Das Erbbaurecht beginne mit der Eintragung im Erbbaugrundbuch und ende 90 Jahre nach dem Tag der Beurkundung. Eine Verlängerung des Erbbaurechts nach Zeitablauf sei möglich.

Nur Versprechungen, schon vor drei Jahren

Nur: Vor drei Jahren hatte bereits Scheels Vorgängerin Katrin Lompscher versprochen, den Genossenschaften 20 Grundstücke des Landes anzubieten.

Und dass die landeseigene Grundstücksgesellschaft BIM Erbbaurechtsverträge – wie in den Exposés versprochen – für 90 Jahre vergibt, davon sei in Verhandlungen nichts zu hören.

Im Gegenteil, laut Genossenschafts-Sprecher Heitmann scheitere an dieser Frage die Unterzeichnung eines Pachtvertrages mit der POI-Genossenschaft über ein Grundstück für den Bau von 15 Wohnungen in der Brandenburgischen Straße.
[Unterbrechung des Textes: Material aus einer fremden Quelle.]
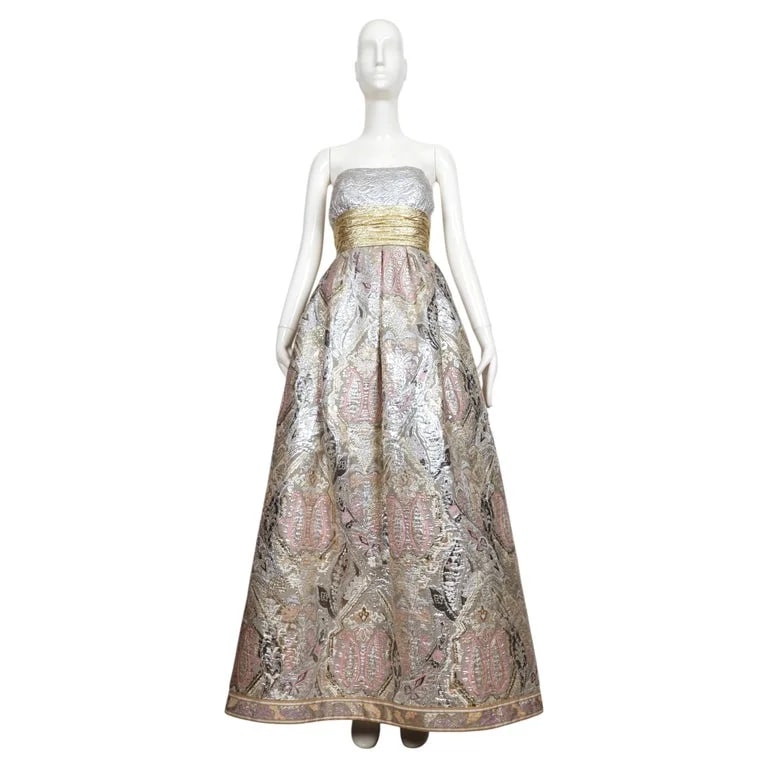 Leonard, Leonard Fashion — 1980's Leonard of Paris Brocade Strapless Gown — Clothing — resale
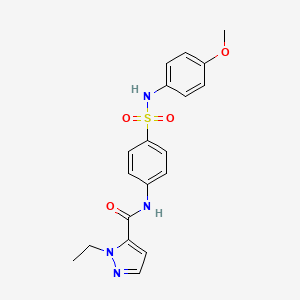molecular formula C19H20N4O4S B4627424 1-乙基-N-(4-{[(4-甲氧基苯基)氨基]磺酰基}苯基)-1H-吡唑-5-甲酰胺 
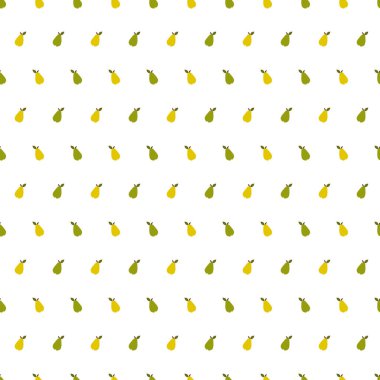 Beyaz Arkaplanda Küçük Kırmızı ve Sarı Armutlar. Kusursuz Desen Tasarımı. Vektör illüstrasyonu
Auch hier biete die BIM wiederum nur einen Vertrag für die Dauer von 60 Jahren.

Auch bei anderen Vergaben, bei denen nicht der höchste Preis, sondern das beste Konzept etwa für den Bau von Wohnungen zu niedrigen Mieten entscheidet, seien immer 60 Jahre Laufzeit für die Pacht festgelegt.

Recht habe die Verwaltung für Stadtentwicklung aber darin: Es brauche eine einheitliche klare Regelung zur Gestaltung von Erbbaurechts-Verträgen – und dafür brauche es wohl Richtlinien der Senatsverwaltung für Finanzen.